* _Work instruction_
Your output should be an exact copy of the records, with no pictures in it.

____

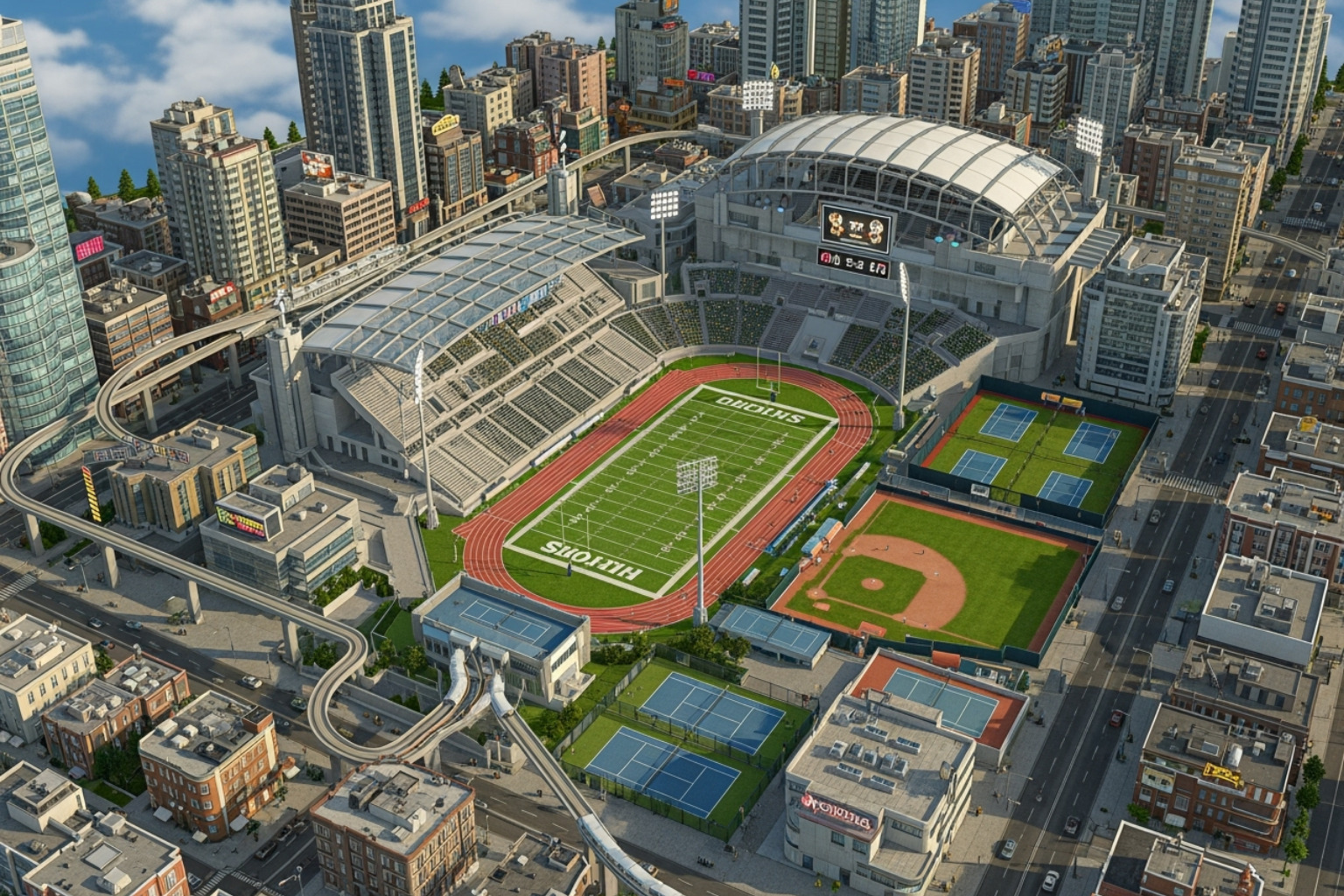 A custom-built stadium or sports complex within a SimCity game, featuring detailed sports fields and surrounding urban infrastructure - simp city forum
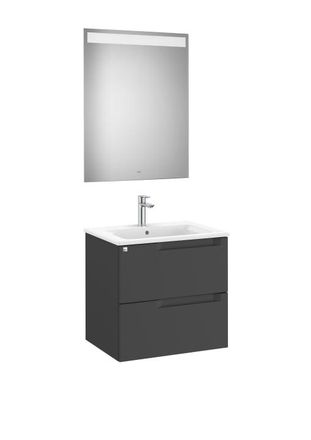 Roca Mueble Lavabo 600mm Aleyda 2 Cajones + Espejo Negro Mate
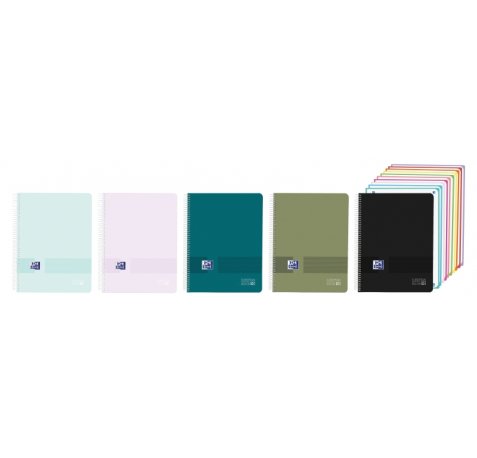 Oxford Live and Go Cuaderno de Espiral - Formato A4+ - 200 Hojas - Cuadricula 5x5mm - Tapa de Plastico - Anti Traspaso de Tinta - Digitalizacion de Textos con App - Colores Surtidos (5 uds)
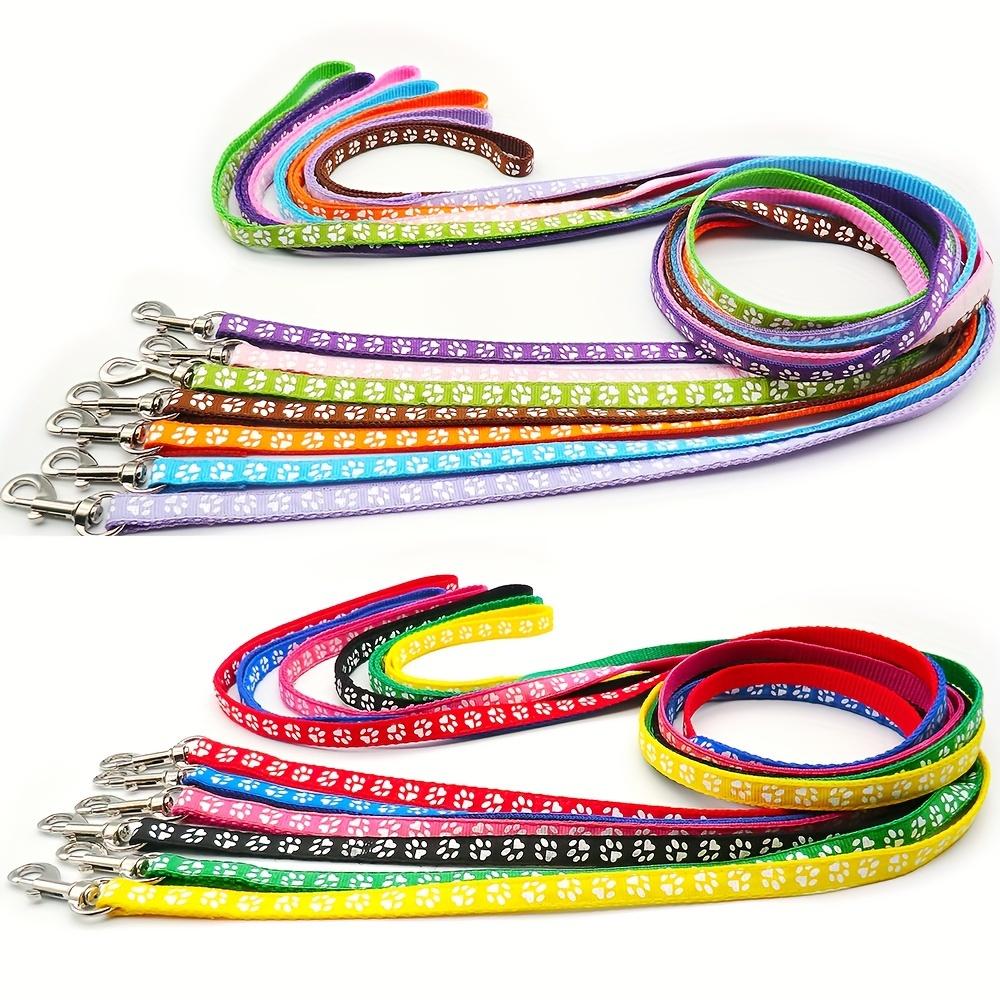 Pet Dog Collar and Leash Set, Cute Paw Pattern Nylon Dog Collar with Bell Long Dog Walking Leash
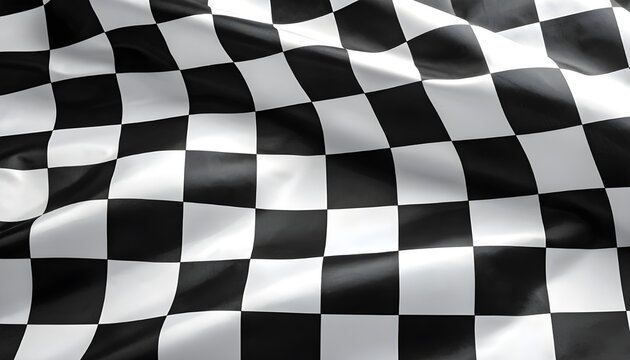 Black-and-white checkered racing flag rippling in motion&mdash;capturing the classic symbol of speed, triumph, and motorsport culture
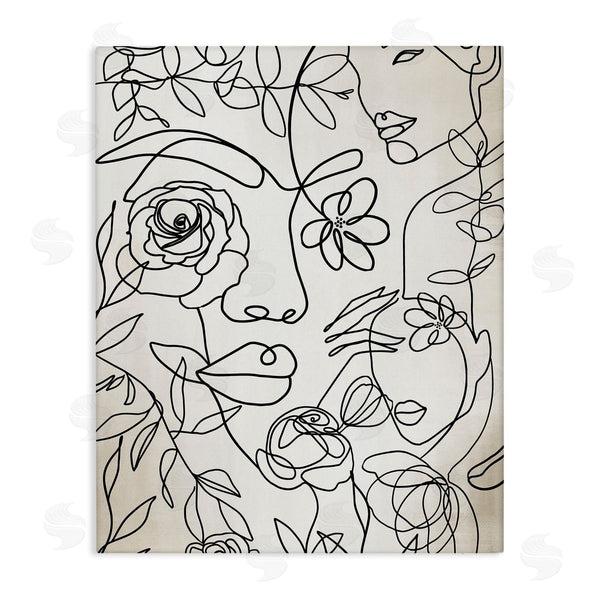 stupell industries Ros Ruseva | Minimal Line Drawing Floral Blossoms Botanical People Faces Wall Art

____

* _Solution for this exercise_
 A custom-built stadium or sports complex within a SimCity game, featuring detailed sports fields and surrounding urban infrastructure - simp city forum
 Roca Mueble Lavabo 600mm Aleyda 2 Cajones + Espejo Negro Mate
 Oxford Live and Go Cuaderno de Espiral - Formato A4+ - 200 Hojas - Cuadricula 5x5mm - Tapa de Plastico - Anti Traspaso de Tinta - Digitalizacion de Textos con App - Colores Surtidos (5 uds)
 Pet Dog Collar and Leash Set, Cute Paw Pattern Nylon Dog Collar with Bell Long Dog Walking Leash
 Black-and-white checkered racing flag rippling in motion&mdash;capturing the classic symbol of speed, triumph, and motorsport culture
 stupell industries Ros Ruseva | Minimal Line Drawing Floral Blossoms Botanical People Faces Wall Art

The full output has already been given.